Hundreds protest in Jerusalem against forced deportation of African migrants
Organizers call on government to halt plan, branding move ‘a stain on our morality as a society and a nation’
Some 1,500 people marched through Jerusalem on Saturday night, calling on the government to halt plans to deport nearly 40,000 African migrants and asylum-seekers.
The protesters, both local residents and migrants, held up signs saying “no to forced deportations,” and “love your brother as you love yourself.” Others carried pictures of migrants who were deported from Israel and later reportedly died while trying to reach Europe.
Authorities have launched a major drive to deport the vast majority of the 38,000 African asylum seekers and migrants still in the country, most of whom are from Eritrea and Sudan.
Thousands of the migrants have been told they have 60 days to accept an offer to leave the country for an unnamed African destination — known through press reports to be Rwanda — in exchange for $3,500 and a plane ticket. Those who don’t leave by April 1 will be incarcerated indefinitely.
“We are calling on the government and our public representatives to stop this disaster,” Adi Har Tzvi, one of the organizers, told the Ynet news site. “Deportation is not the solution.”
“This deportation, if we don’t stop it, will be a stain on our morality as a society and a nation,” Har Zvi said.
Israeli officials insist the vast majority of the migrants, whom they refer to as “infiltrators,” are job seekers, and therefore do not have a special right to remain in the country after entering it illegally. The officials object to claims the policy is racist, noting that some 4,000 white Ukrainian and Georgians were deported for immigration offenses in 2017.

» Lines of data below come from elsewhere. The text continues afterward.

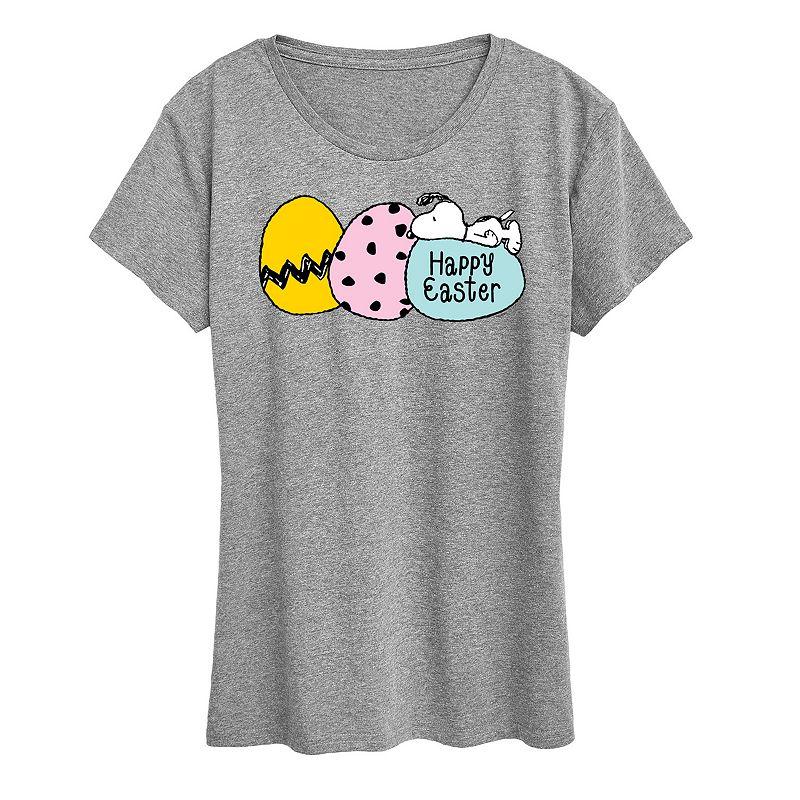 Womens Peanuts Snoopy Happy Easter Eggs Graphic Tee Product Image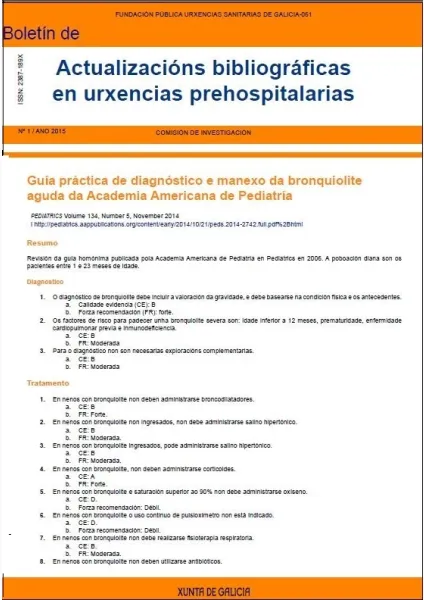 Boletín de actualizacións bibliográficas en urxencias prehospitalarias: Fundación Pública Urxencias Sanitarias de Galicia-061 | Núm. 1. Ano 2015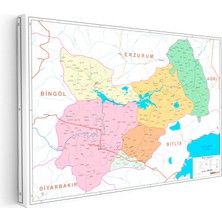 Kanvas Tablo Muş Siyasi Sınır Harita Tablosu Ev Ofis Duvar Dekoru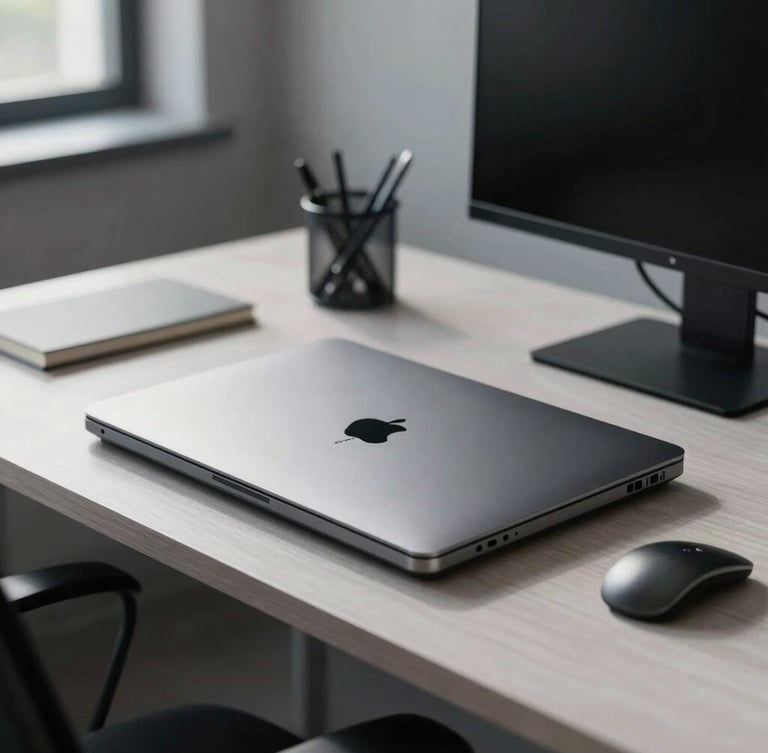 Crisp daylight shot of a high-fidelity digital mockup on a modern workspace desk, sharp architectural lines, cool undertones, no people.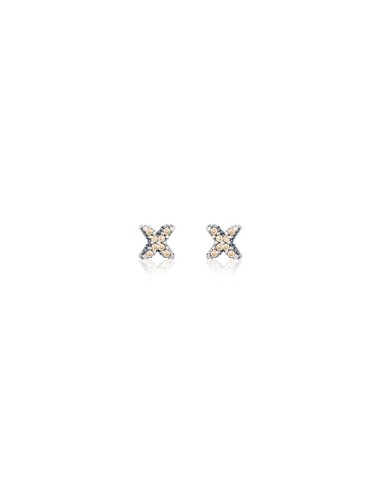 LITCHI CROSS SILVER AND ZIRCONS EARRINGS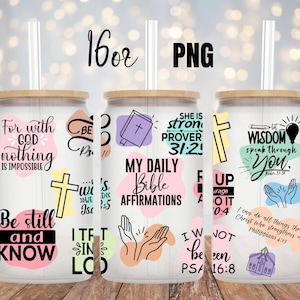 Digital Jar Glass Can 16oz Bible Verse Affirmation Coffee Wrap - PNG Glass Sublimation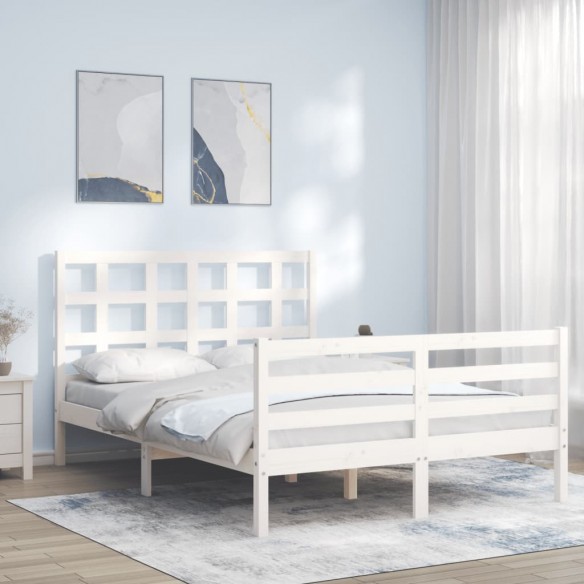 Lit avec tête de lit blanc 140x200 cm bois massif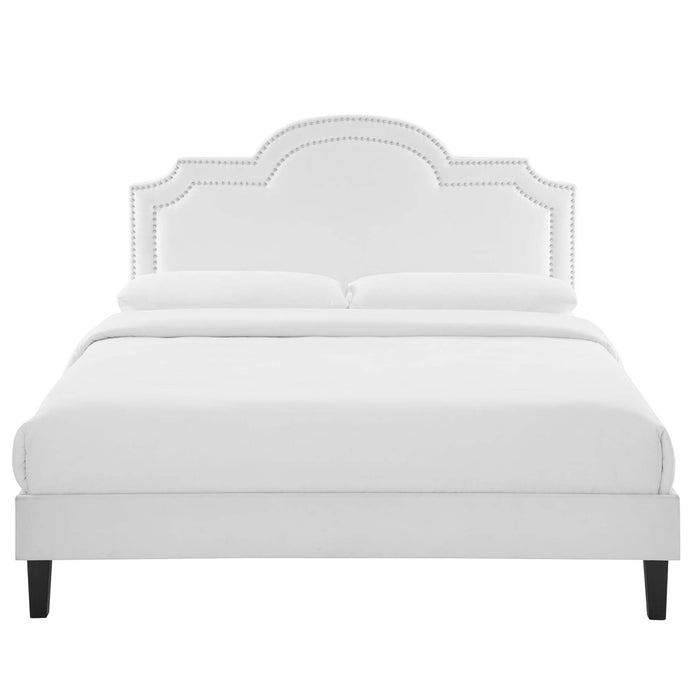 Aviana Performance Velvet Bed With Black Wood Legs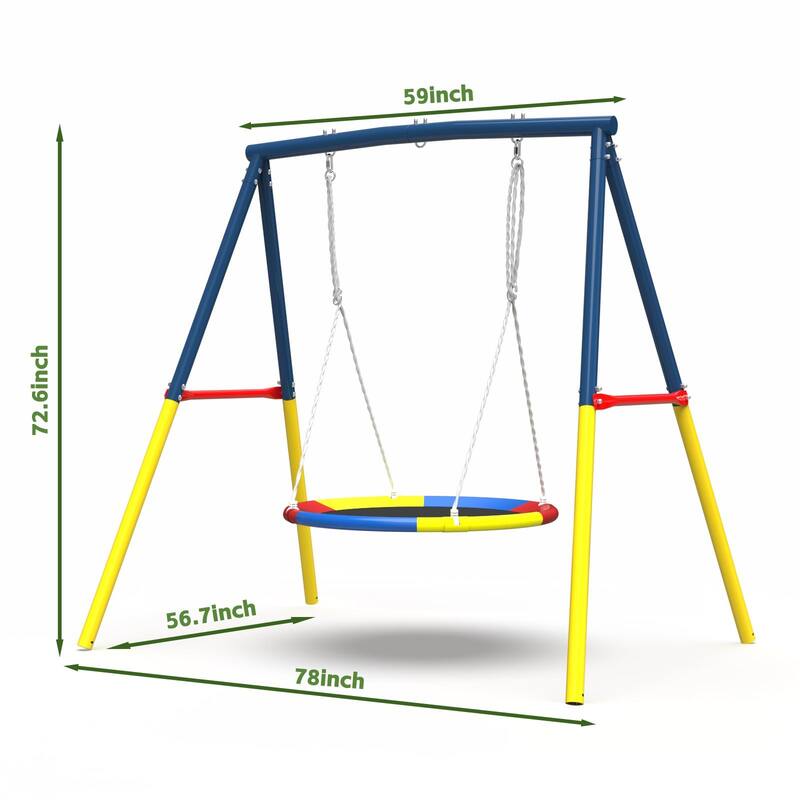 Flying Saucer Swing Set with Heavy Duty A-Frame Metal Swing Stand, Full Steel, Outdoor for Kids, Backyard, Playground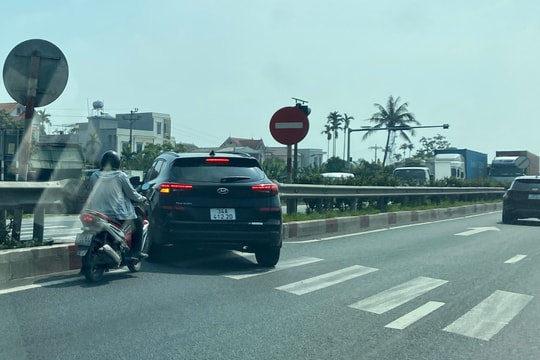 Phớt lờ biển cấm, nhiều ô tô quay đầu nguy hiểm trên quốc lộ 5 qua Kim Thành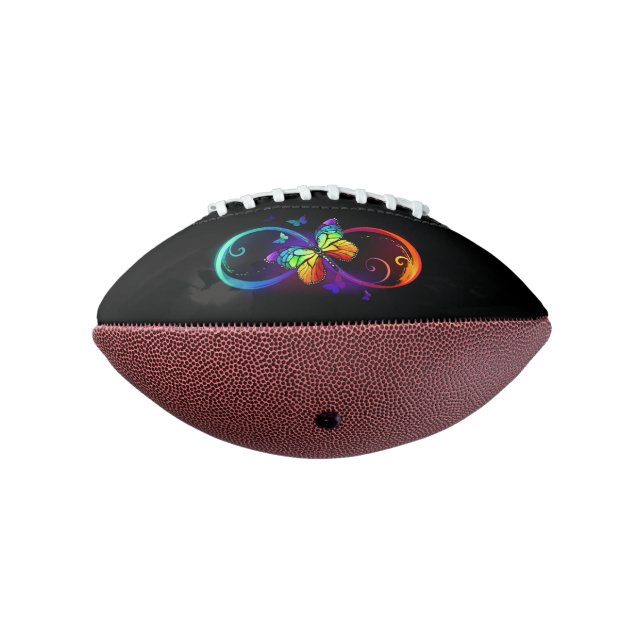 Vibrant infinity with rainbow butterfly on black football (Rotated 270)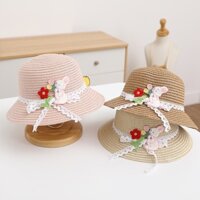 Mũ cói, nón cói đi biển vành rộng panama mùa hè, mềm mát họa tiết chú thỏ đáng yêu cho bé gái (KTD-MC03)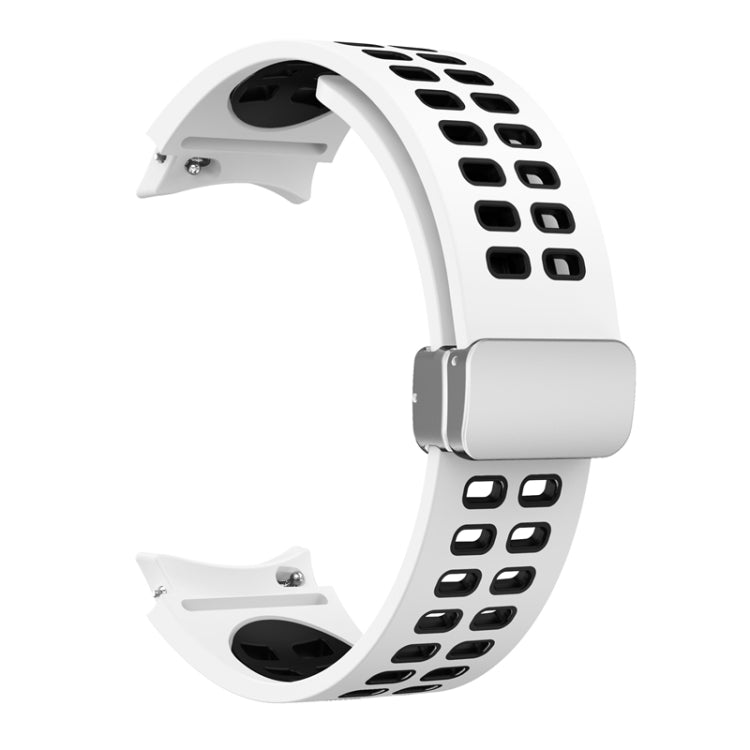 For Samsung Galaxy Watch5 Double-row Hole Folding Buckle Silicone Watch Band(White Black) - Watch Bands by PMC Jewellery | Online Shopping South Africa | PMC Jewellery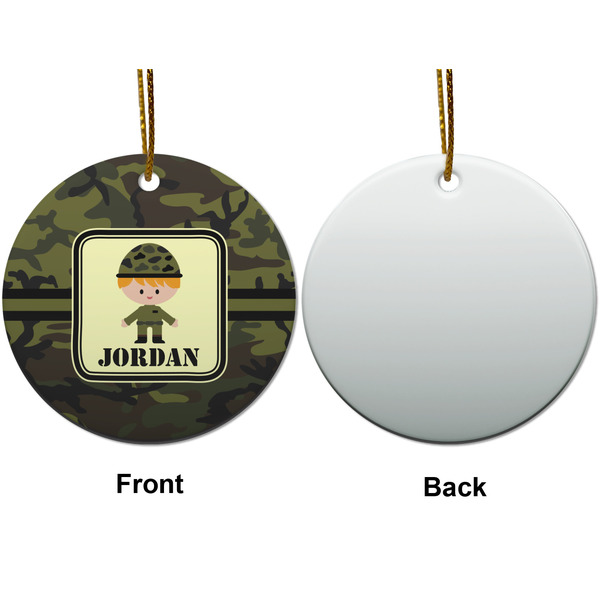 Green Camo Ceramic Flat Ornament - Circle Front & Back (APPROVAL)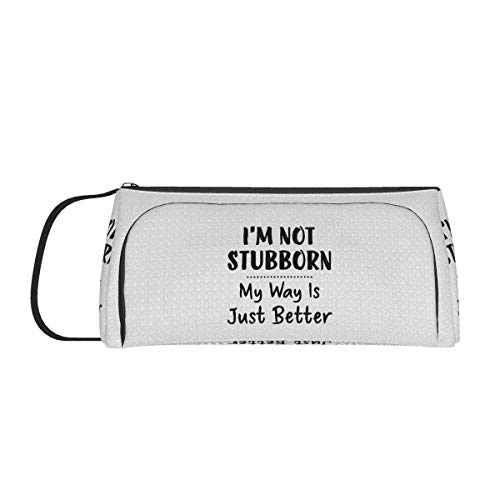 My Way is Just Better - Estuche para lápices de moda, gran capacidad, bolsa de almacenamiento para cosméticos, doble cremallera, uso general para estudiantes y trabajadores de oficina
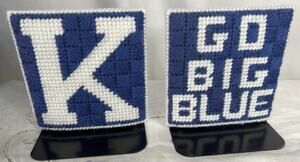 University of Kentucky Crochet Cheer Signs “K” & “GO BIG BLUE” Desk Bookend Set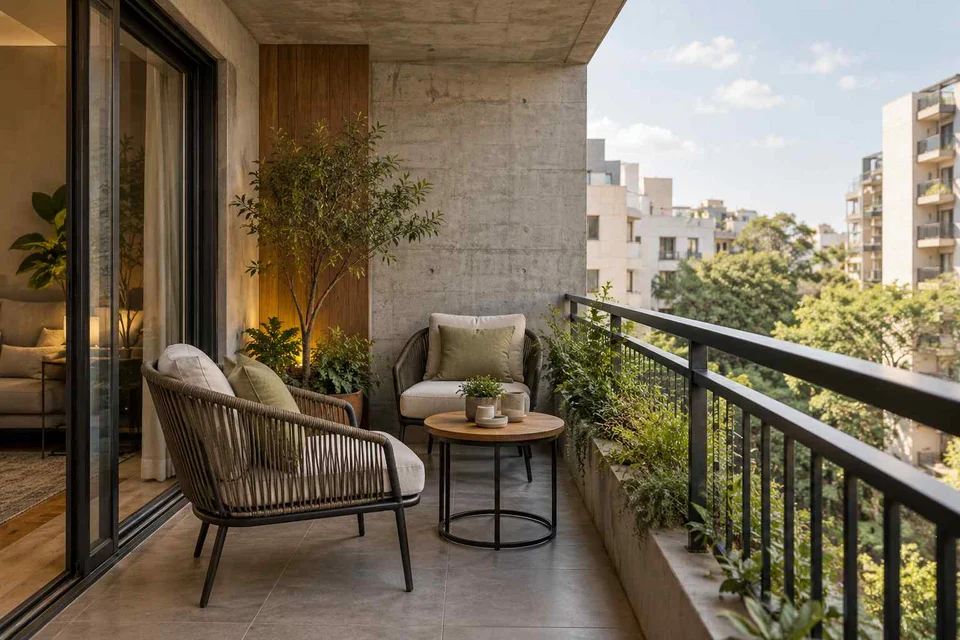 AI-generated outdoor concept: two-chair balcony, concrete and oak direction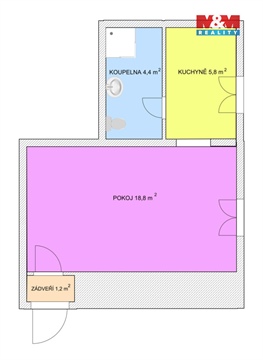 Pronájem bytu 1+1, 30 m² - 4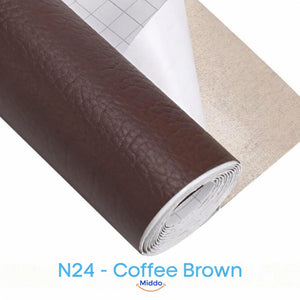 LeatherRestore self-adhesive faux leather repair patch in N24 - Coffee Brown, showing the textured surface and backing.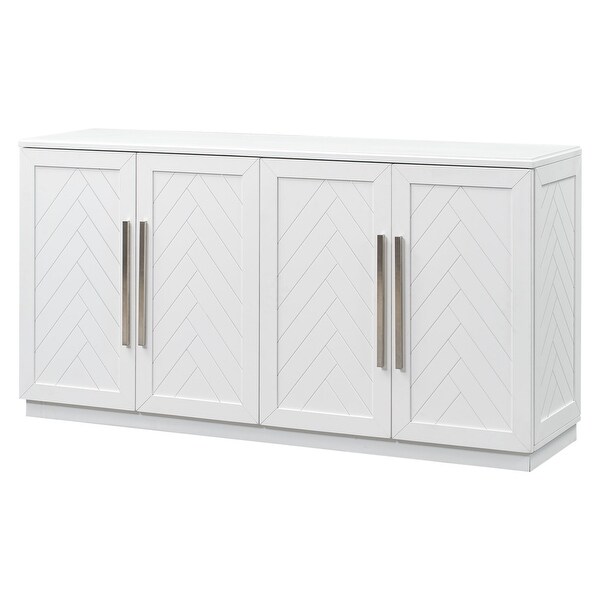 White Sideboard with Adjustable Shelves and Silver Handles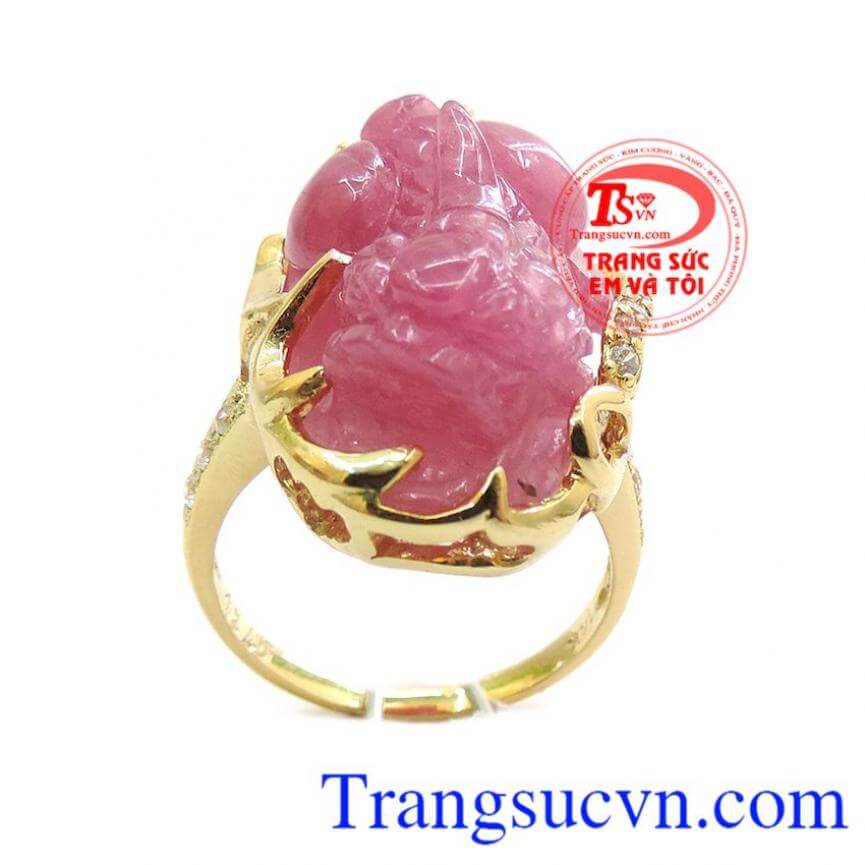Nhẫn ruby 14k tỳ hưu phong thủy, Nhẫn Nữ Tỳ Hưu, nhẫn nữ đính đá đẹp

Backers of the asylum-seekers’ protest insist Israel has not been doing the minimum required by the 1951 Refugee Convention to ascertain whether the migrants are refugees. Only some 6,500 asylum seekers have gone through the Interior Ministry’s refugee status determination process, and just 11 of them, or 0.16 percent, were found eligible. Similar processes in most European countries found double-digit percentages qualified as refugees for migrant populations from Eritrea and Sudan.